I am having a lot of feelings at the moment. Some might say, too many. My last session of therapy was really powerful. After it, I felt like I could punch a hole in the sky I had so much energy. I fizzed for about twenty-four hours afterwards. I was pretty sure I could do anything. Then I nose-dived and spent the rest of the week feeling like I could do absolutely nothing. In no particular order I have been tired, overwhelmed, stressed, deeply sad and wildly confused.
When I start stirring around in my metaphysical stuff, I tend to express it by feeling physically crappy. It’s a bit like I imagine I would feel if I went on one of those juice fasts, e.g. miserable. All the toxic shit comes out. In the last two weeks I have had a cyst on my tear duct, a cluster of migraines and now I am starting with a cold. I have also been experiencing issues with my vision and spent most of Tuesday afternoon trapped in a small room with an optometrist after having a terrifying experience of not being able to see very well while driving in the dark last week. I’m sure it’s a metaphor for how things are going. I probably need to turn inwards and feel my way towards clarity. I’d still rather not crash my car though.
The annoying thing is that all this is probably really good, right? Therapy isn’t an easy option. I have years of bottled up trauma and just plain galloping about unleashed trauma to deal with that have been compressed into the last few years into some kind of archipelago of crap that I need to navigate. It’s normal to feel all the feelings about it. Except that when I didn’t immediately sit down and reel off a brilliant novel or at least a passable essay about it, or figure out a way to elegantly kintsugi my broken brain I decided I had failed at therapy. I’ve been doing it for three weeks. I’m a smart woman. Why haven’t I conquered it yet? Whatever ‘it’ is.

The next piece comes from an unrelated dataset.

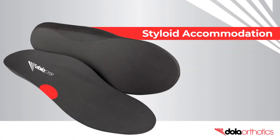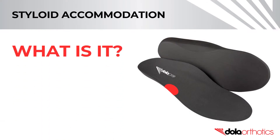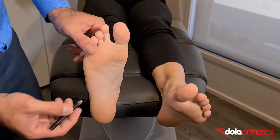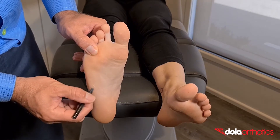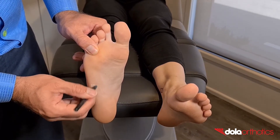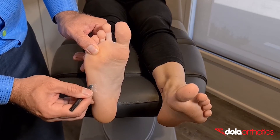How to customise your Dollar Pro with a styloid accommodation. A styloid accommodation is a partial thickness indent on the dorsal surface of the orthotic under the 5th metatarsal styloid process. In this video, we will show you how to complete a styloid accommodation in clinic. An accommodation involves marking the position of the styloid on the orthotic device.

Evidence, if further evidence were needed, that I am not even remotely done with therapy yet.
One thing I did learn is that I have started to comfort eat as a way of coping, which has taken the place of comfort spending. I don’t diet because I have a beloved daughter who taught me hard and valuable lessons through her struggles with that toxic crap. I don’t love my body. I don’t even have body neutrality. Mostly I ignore my body, which is probably another reason why it's making its presence felt at the moment in various ways. I just noticed that I had started eating things for reasons that were not just hunger, and that I had started eating things I didn’t really want or like. I am attempting to deal with this in a non insane way.
I clearly need a stress outlet and it’s no good stopping spending and comfort eating only to take up crack cocaine, so I have turned to Duolingo in my hour of need. I can’t see that learning French is going to do me much harm while I figure out a less crazy way of existing.
I wonder if you realise the honesty revealed to us about your efforts to unearth and alleviate deeply-held trauma actually is kintsugi to your soul, the humour knitting golden curves, lines and zigzags along the deepest, darkest fissures.
Uncanny how much your written path resonates. The holidays present an additional layer of exquisite stress like a radish rosette perched atop a shitty bagged salad. Which is fun. And uncomfortably vivid. You'll get through this no matter how many cream pies and pieces of broken brain china it takes. L' unité!